You know those shitty slapstick movies that still manage to put a smile on your face? The Wrong Paris is exactly that kind of movie. It doesn’t take itself too seriously, and honestly, neither should you when you watch it.
Yes, it’s low budget. Yes, it feels like a mash-up of The Bachelor and a Hallmark Christmas special without the snow. But it also knows what it is a harmless, slightly ridiculous rom-com that doesn’t try to be more than light entertainment and in that sense, it actually succeeds.

The premise is delightfully absurd. Dawn (Miranda Cosgrove) is a small-town girl with a big dream: going to art school in Paris. But between caring for her grandmother and paying medical bills, her Paris fund has been drained. So instead, she signs up for a reality dating show called The Honey Pot. The catch? She’s not looking for love. She just wants the quick appearance money and a plane ticket to Paris, France. Except plot twist the show isn’t set in Paris, France. It’s in Paris, Texas. Cue the chaos.
Then there’s the bachelor himself, Trey McAllen III (Pierson Fode). As fate would have it, Dawn actually had a brief encounter with him at a local bar before filming began. This little backstory gives their interactions a playful tension he remembers her, she remembers him, and neither of them can quite pretend it didn’t happen.

There’s a spark between him and Dawn that feels surprisingly genuine, and that small detail makes the whole thing watchable. Their awkward innocent chemistry gives the movie a warmth I wasn’t expecting.
Sure, the script isn’t groundbreaking. Some of the jokes miss, and the melodrama occasionally leans too hard into cliché. But then, out of nowhere, a scene will land a moment so funny or unexpectedly tender that you forget all the flaws. The cinematography also deserves a nod. For a film shot in “the wrong Paris,” it makes Texas look downright romantic, especially in a scene in a wooded area by the water where the two leads finally let their guards down.

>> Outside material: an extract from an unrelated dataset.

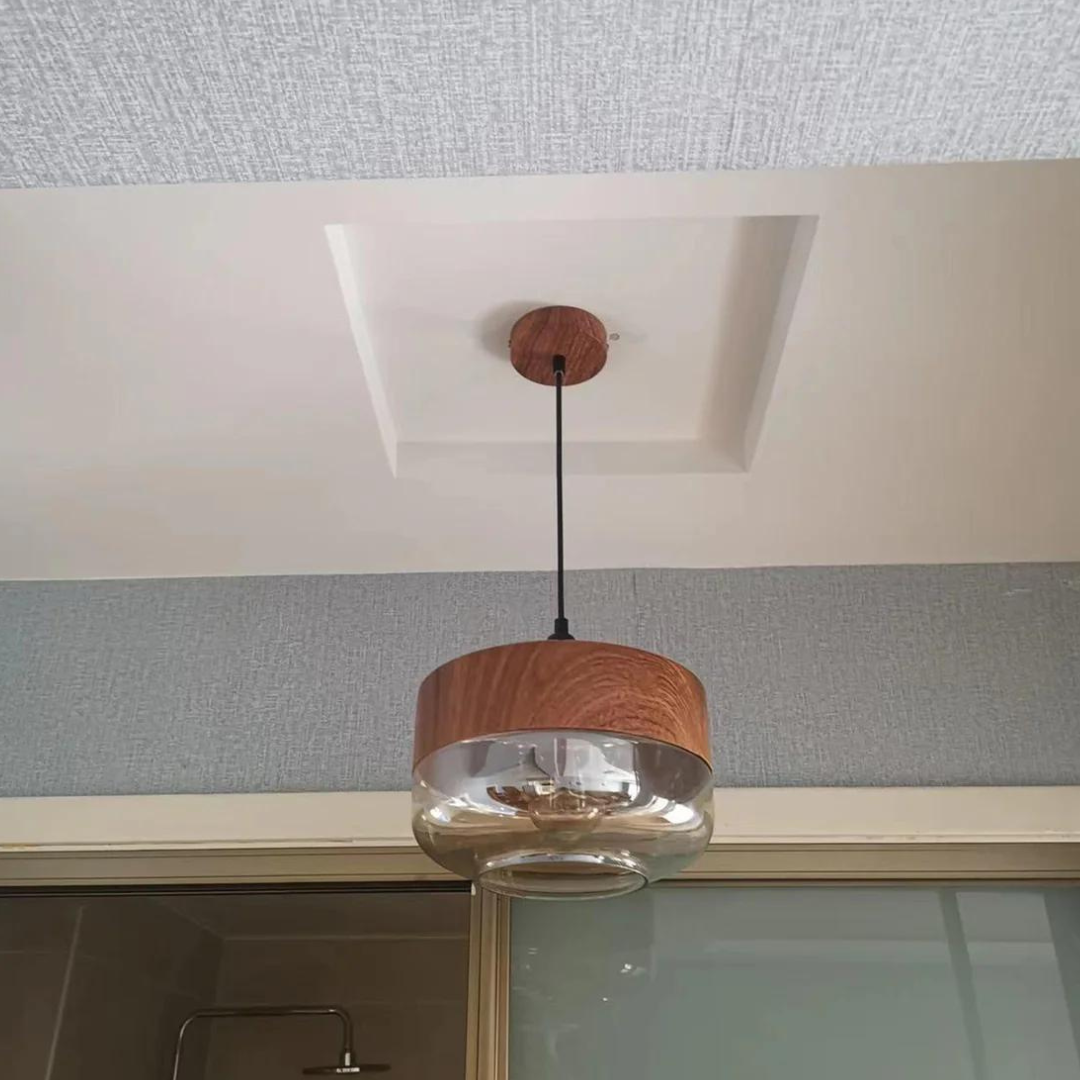 Arven Scandinavian Pendant Light: wooden design, warm ambient glow for modern interiors.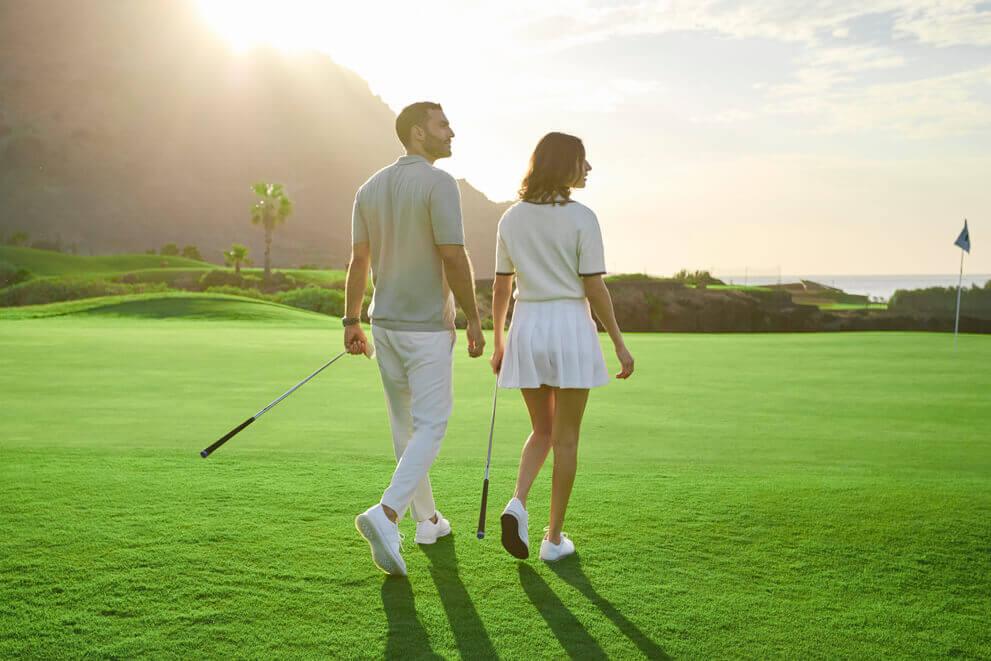 Two people walking on the green of a golf course at sunset, with a volcanic landscape.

What really sealed it for me, though, was the ending. Not the predictable romantic climax (you’ll see it coming a mile away), but the credits. Two full minutes of bloopers cast members breaking, flubbed lines, crew laughter and it leaves you grinning as the screen fades out. It’s the kind of touch that says: we had fun making this, and we hope you had fun watching it.
I can’t pinpoint exactly why I loved this film. Maybe it’s because it never pretended to be anything more than a quirky distraction. Sometimes, that’s all you need.